“さまよう刃”読書感想
読了まで5時間30分
何が善で、何が悪なのか
少年法が大きなテーマになっていて
被害にあった娘の父親が狂気に向かう内容です。
わたしの中では何年かぶりの長編小説でしたが物語に引き込まれスラスラと読めました。
「何故、自分の娘が・・・」
この思いは当事者にしか分からず
また世間は非日常から日常に
時間が経てば何事も無かったかのように戻っていきます。
父親の葛藤
どうにもならない歯がゆさ
目的を達成しても報われない喪失感
その中でも差し伸べてくれる手
復讐という軸がひとりの人間をこんなにも変えてしまう
しかし人として根底にあるものは変わらない
様々な心理が入り乱れていると感じました。
少年法とは何なのか?
ひとりの母親として被害者側の立場だったらと思うと胸が締め付けられるような思いです。復讐が身体の中も精神もむしばんで行くのではないかと想像は出来ます。
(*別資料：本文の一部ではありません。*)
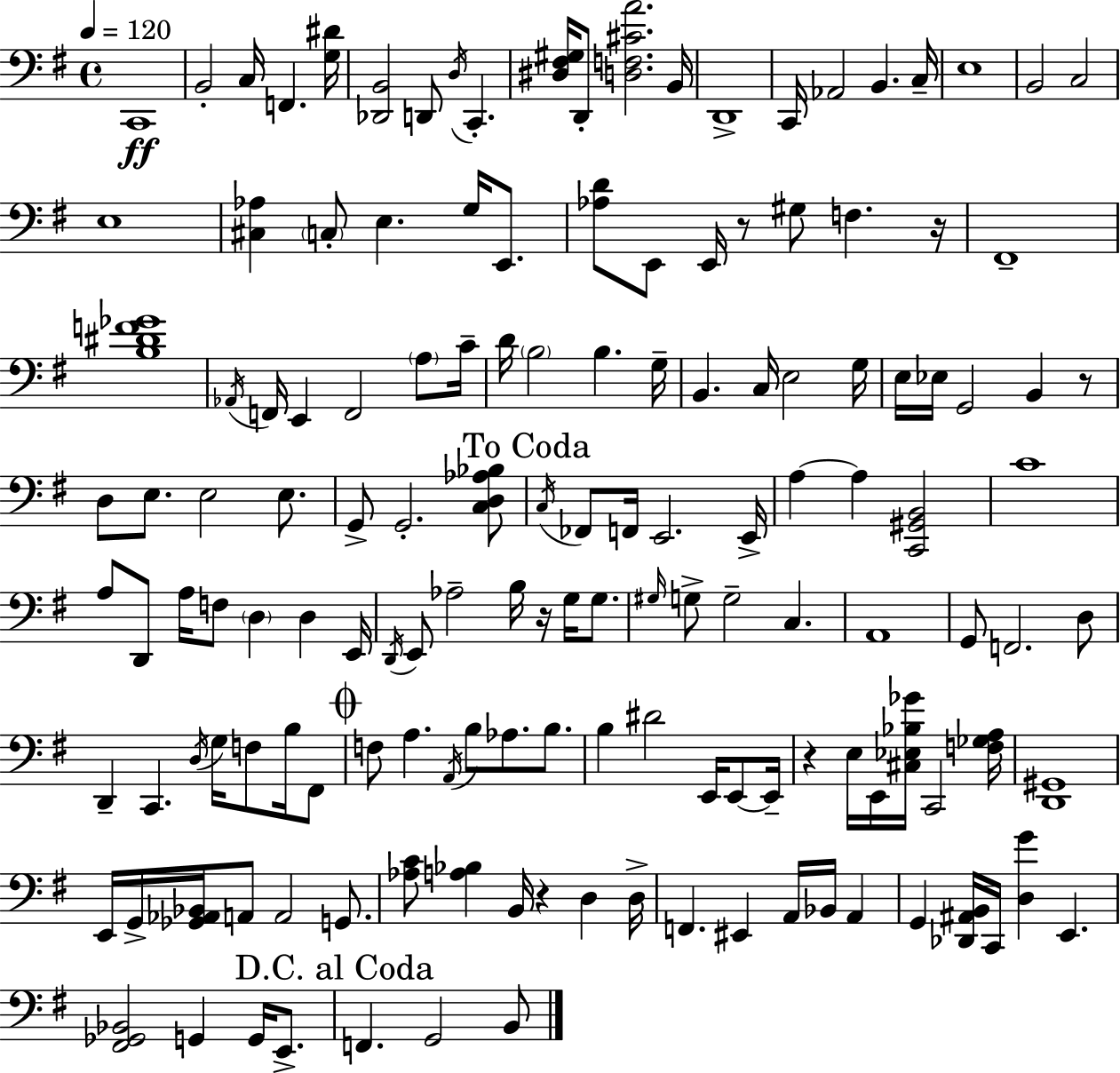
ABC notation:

X:1
T:Untitled
M:4/4
L:1/4
K:Em
C,,4 B,,2 C,/4 F,, [G,^D]/4 [_D,,B,,]2 D,,/2 D,/4 C,, [^D,^F,^G,]/4 D,,/2 [D,F,^CA]2 B,,/4 D,,4 C,,/4 _A,,2 B,, C,/4 E,4 B,,2 C,2 E,4 [^C,_A,] C,/2 E, G,/4 E,,/2 [_A,D]/2 E,,/2 E,,/4 z/2 ^G,/2 F, z/4 ^F,,4 [B,^DF_G]4 _A,,/4 F,,/4 E,, F,,2 A,/2 C/4 D/4 B,2 B, G,/4 B,, C,/4 E,2 G,/4 E,/4 _E,/4 G,,2 B,, z/2 D,/2 E,/2 E,2 E,/2 G,,/2 G,,2 [C,D,_A,_B,]/2 C,/4 _F,,/2 F,,/4 E,,2 E,,/4 A, A, [C,,^G,,B,,]2 C4 A,/2 D,,/2 A,/4 F,/2 D, D, E,,/4 D,,/4 E,,/2 _A,2 B,/4 z/4 G,/4 G,/2 ^G,/4 G,/2 G,2 C, A,,4 G,,/2 F,,2 D,/2 D,, C,, D,/4 G,/4 F,/2 B,/4 ^F,,/2 F,/2 A, A,,/4 B,/2 _A,/2 B,/2 B, ^D2 E,,/4 E,,/2 E,,/4 z E,/4 E,,/4 [^C,_E,_B,_G]/4 C,,2 [F,_G,A,]/4 [D,,^G,,]4 E,,/4 G,,/4 [_G,,_A,,_B,,]/4 A,,/2 A,,2 G,,/2 [_A,C]/2 [A,_B,] B,,/4 z D, D,/4 F,, ^E,, A,,/4 _B,,/4 A,, G,, [_D,,^A,,B,,]/4 C,,/4 [D,G] E,, [^F,,_G,,_B,,]2 G,, G,,/4 E,,/2 F,, G,,2 B,,/2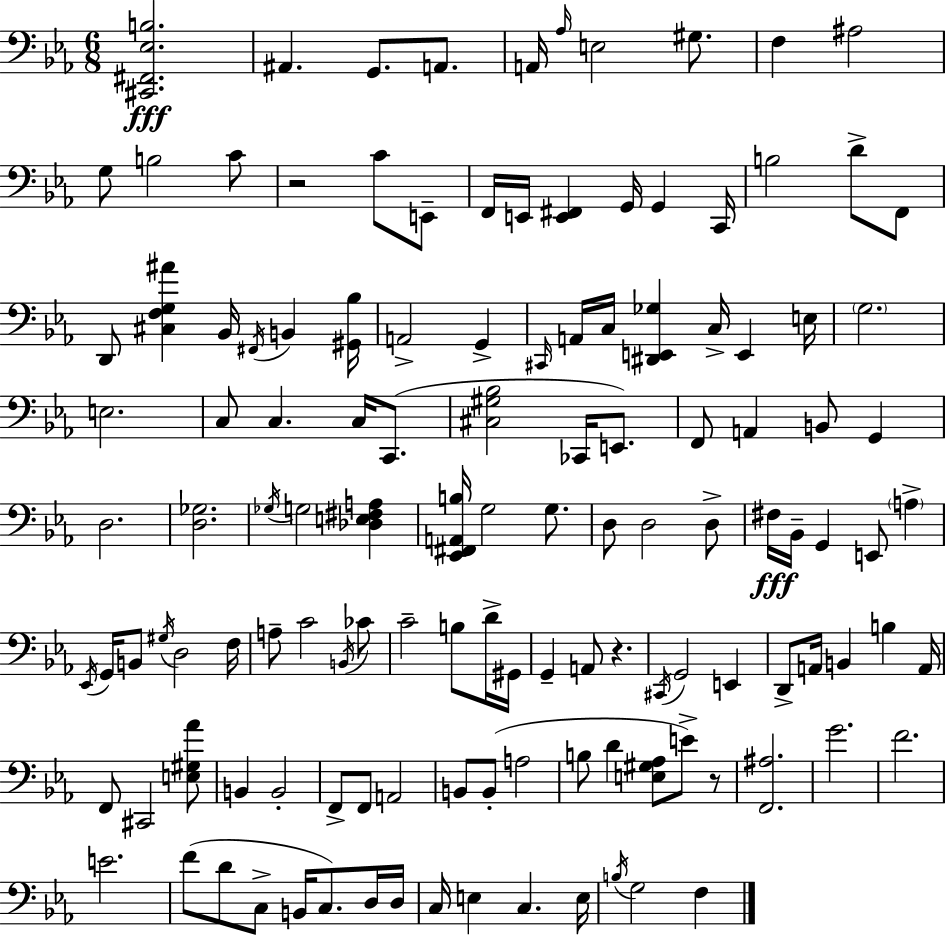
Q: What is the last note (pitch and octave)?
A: F3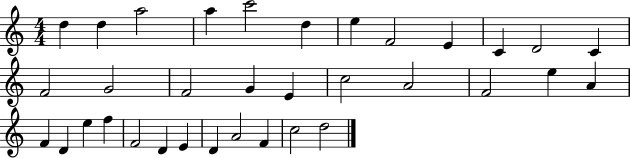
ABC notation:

X:1
T:Untitled
M:4/4
L:1/4
K:C
d d a2 a c'2 d e F2 E C D2 C F2 G2 F2 G E c2 A2 F2 e A F D e f F2 D E D A2 F c2 d2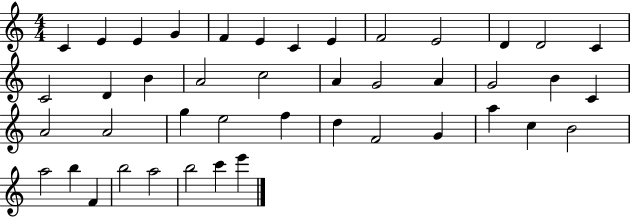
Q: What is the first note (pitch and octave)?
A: C4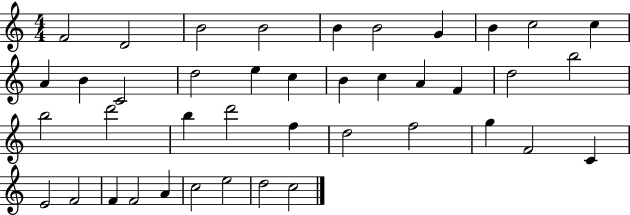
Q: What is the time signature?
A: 4/4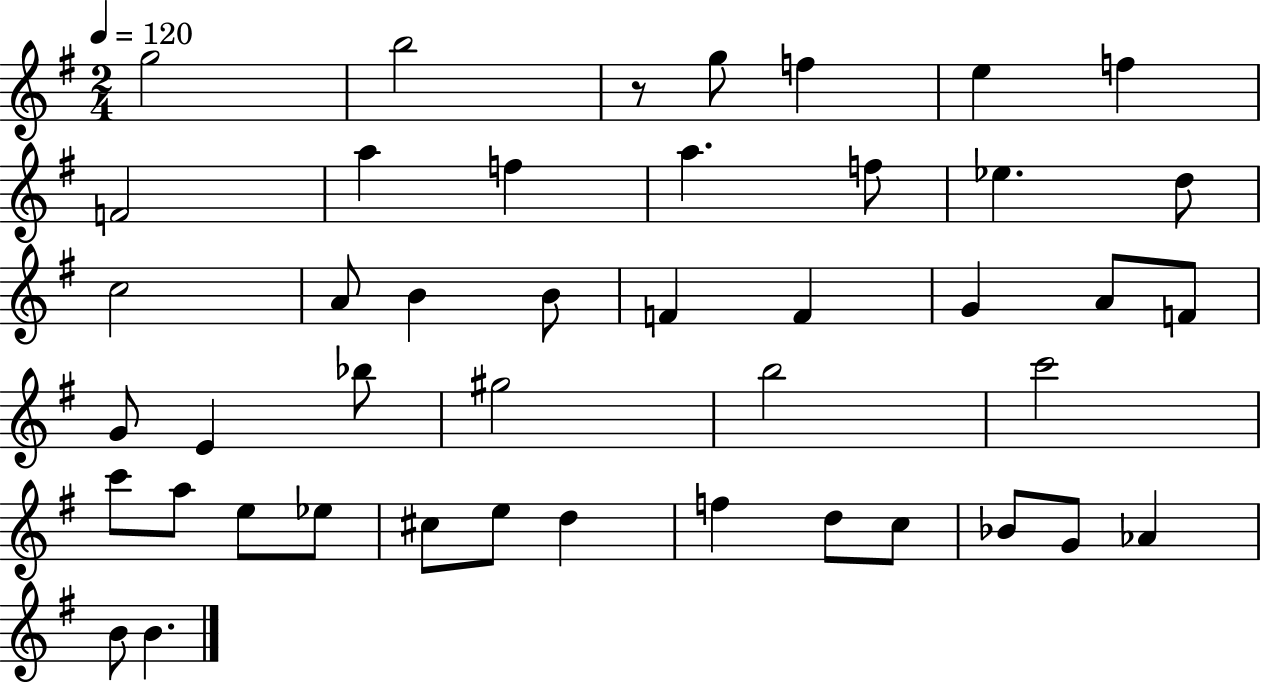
G5/h B5/h R/e G5/e F5/q E5/q F5/q F4/h A5/q F5/q A5/q. F5/e Eb5/q. D5/e C5/h A4/e B4/q B4/e F4/q F4/q G4/q A4/e F4/e G4/e E4/q Bb5/e G#5/h B5/h C6/h C6/e A5/e E5/e Eb5/e C#5/e E5/e D5/q F5/q D5/e C5/e Bb4/e G4/e Ab4/q B4/e B4/q.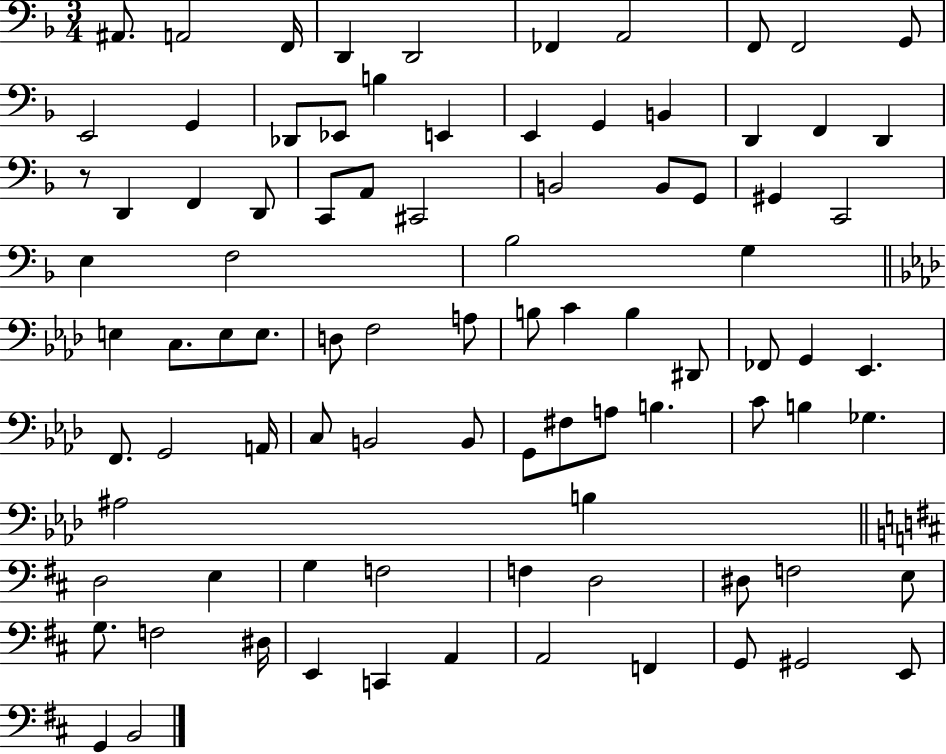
A#2/e. A2/h F2/s D2/q D2/h FES2/q A2/h F2/e F2/h G2/e E2/h G2/q Db2/e Eb2/e B3/q E2/q E2/q G2/q B2/q D2/q F2/q D2/q R/e D2/q F2/q D2/e C2/e A2/e C#2/h B2/h B2/e G2/e G#2/q C2/h E3/q F3/h Bb3/h G3/q E3/q C3/e. E3/e E3/e. D3/e F3/h A3/e B3/e C4/q B3/q D#2/e FES2/e G2/q Eb2/q. F2/e. G2/h A2/s C3/e B2/h B2/e G2/e F#3/e A3/e B3/q. C4/e B3/q Gb3/q. A#3/h B3/q D3/h E3/q G3/q F3/h F3/q D3/h D#3/e F3/h E3/e G3/e. F3/h D#3/s E2/q C2/q A2/q A2/h F2/q G2/e G#2/h E2/e G2/q B2/h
加害者側の立場だったらと・・・考えたくもありません。
犯罪は被害者も加害者も救われません
一番憎むべきは犯罪だと考えます。
今の法律では加害者にばかり焦点があてられ更生への道を作りますが
被害者の方、その家族に対するフォローは考えられているのか
疑問に感じる点が多いのもまた事実。
その中で警察の心理が見え隠れしていたことに
ひとつの救いを感じることも多々ありました。
刑事もひとりの人間で、また家族があり
しかし法を司るものとしては正しいと言われている道を示していかなくてはいけない。
予想とは違う結末で終わったので
「なるほど」でも「えっ?そうなの」という思いもあり
最後の一字一句まで読み応えのある一冊でした。
映画化もされているようなので、そちらも見てみたいと思います。